NEW YORK — Shares of mortgage insurers continued to plunge Thursday after a Commerce Department report offered little hope for a recovery in the housing market.
The Commerce Department reported Thursday builders began construction on 1.353 million homes and apartments last year, a 24.8 percent slide. That was the steepest decline since 1980.
Mortgage insurers have suffered in the past year along with the beleaguered housing market, which is in its third year of a slump.
Companies like Radian Group Inc. and MGIC Investment Corp. write insurance policies that promise to reimburse lenders when mortgage borrowers default.
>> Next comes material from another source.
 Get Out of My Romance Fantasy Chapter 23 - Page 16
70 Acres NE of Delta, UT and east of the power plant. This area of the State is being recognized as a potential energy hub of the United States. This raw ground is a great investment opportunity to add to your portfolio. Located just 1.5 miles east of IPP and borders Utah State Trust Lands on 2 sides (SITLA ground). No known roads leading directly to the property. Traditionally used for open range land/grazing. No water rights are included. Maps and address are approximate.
As home prices fall, claims from mortgage defaults are mounting and mortgage insurance stocks have plummeted.
Housing prices are a pillar of mortgage credit. When home prices fall, borrowers often lose both the incentive and the means to repay their mortgages.
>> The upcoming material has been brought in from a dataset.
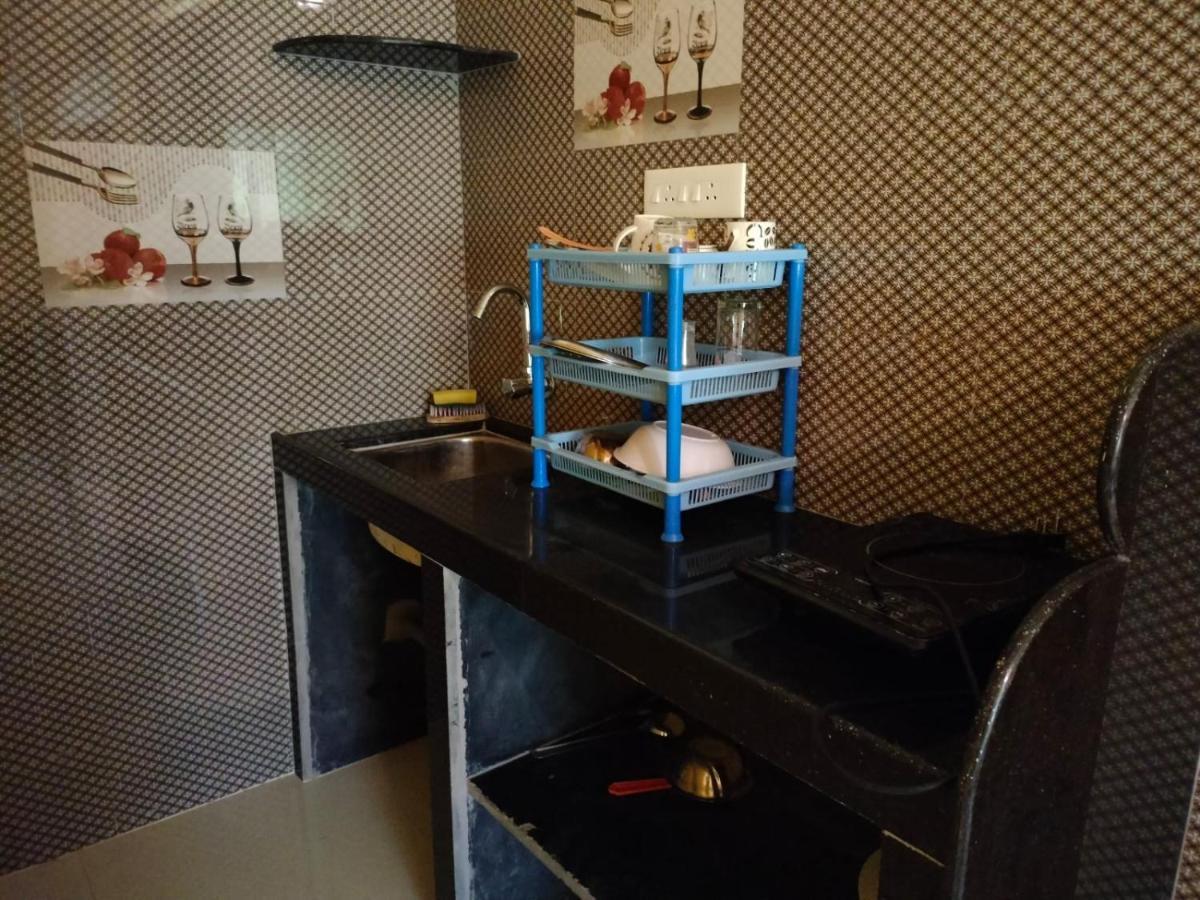 Santana Guest House Агонда Екстер'єр фото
In afternoon trading, Radian Group's shares tumbled $1.69, or 21.5 percent, to $6.18. The stock, which closed Wednesday down 85 percent in the last six months, reached as low as $6.10, a 13-year low.
Shares of MGIC Investment sank $1.96, or 12.11 percent, to $13.86. The stock touched as low as $11.63, the cheapest trade since 1992. MGIC's shares, which topped $70 in early 2007, have lost three-quarters of their value in the last year.
Shares of PMI Group Inc. lost $1.18, or 15.2 percent, to $6.59. Earlier in the day, the stock registered its cheapest trade in its 12-year history.